[Extracted records]
+ + +

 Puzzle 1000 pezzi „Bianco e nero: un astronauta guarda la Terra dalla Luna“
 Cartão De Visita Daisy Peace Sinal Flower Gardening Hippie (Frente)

+ + +

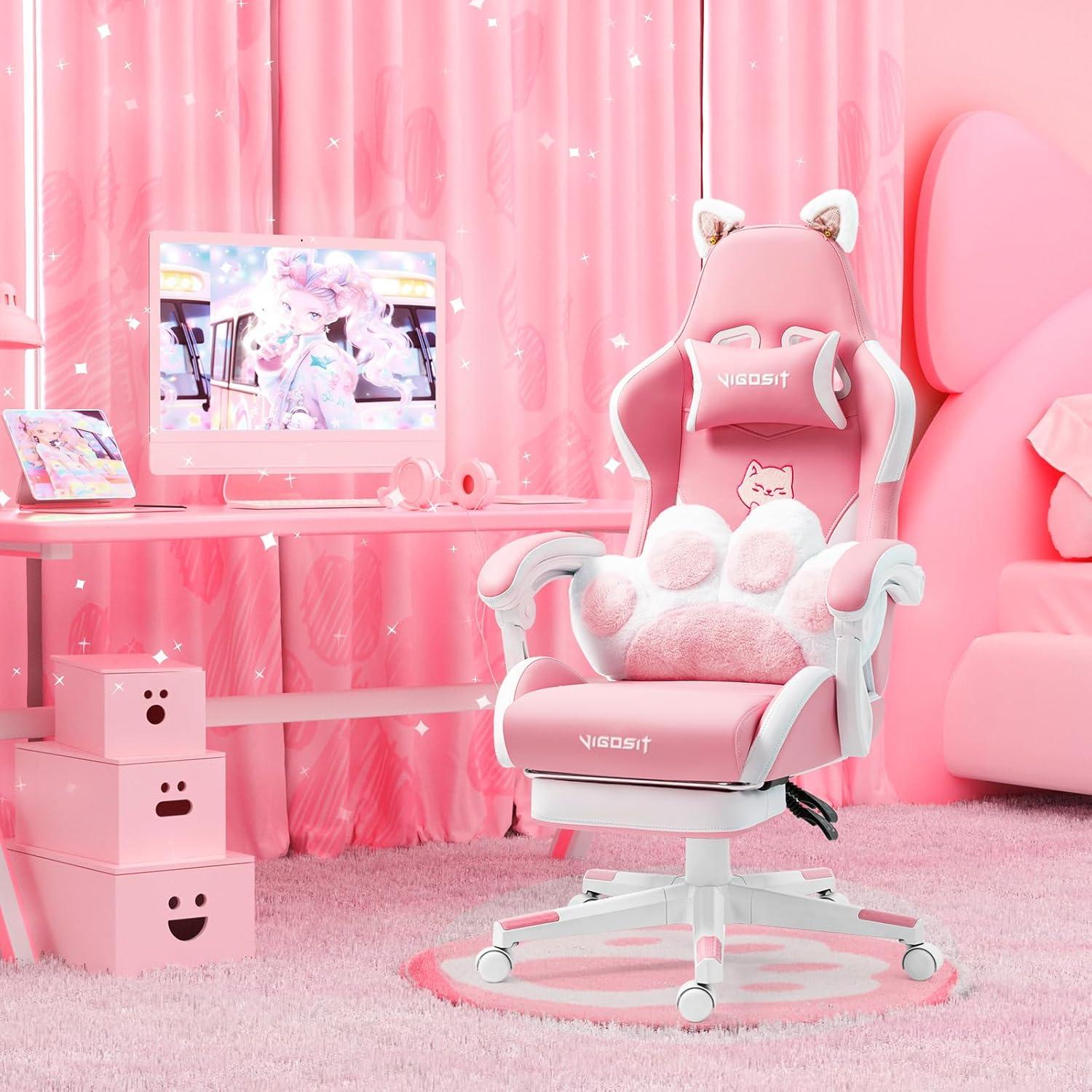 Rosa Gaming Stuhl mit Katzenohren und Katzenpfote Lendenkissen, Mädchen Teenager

+ + +

[Work required]
In the listing above, find the line containing "Puzzle 1000 pezzi" and the line containing "Cartão De Visita", then repeat those two lines and everything between them exactly.

[Task result]
 Puzzle 1000 pezzi „Bianco e nero: un astronauta guarda la Terra dalla Luna“
 Cartão De Visita Daisy Peace Sinal Flower Gardening Hippie (Frente)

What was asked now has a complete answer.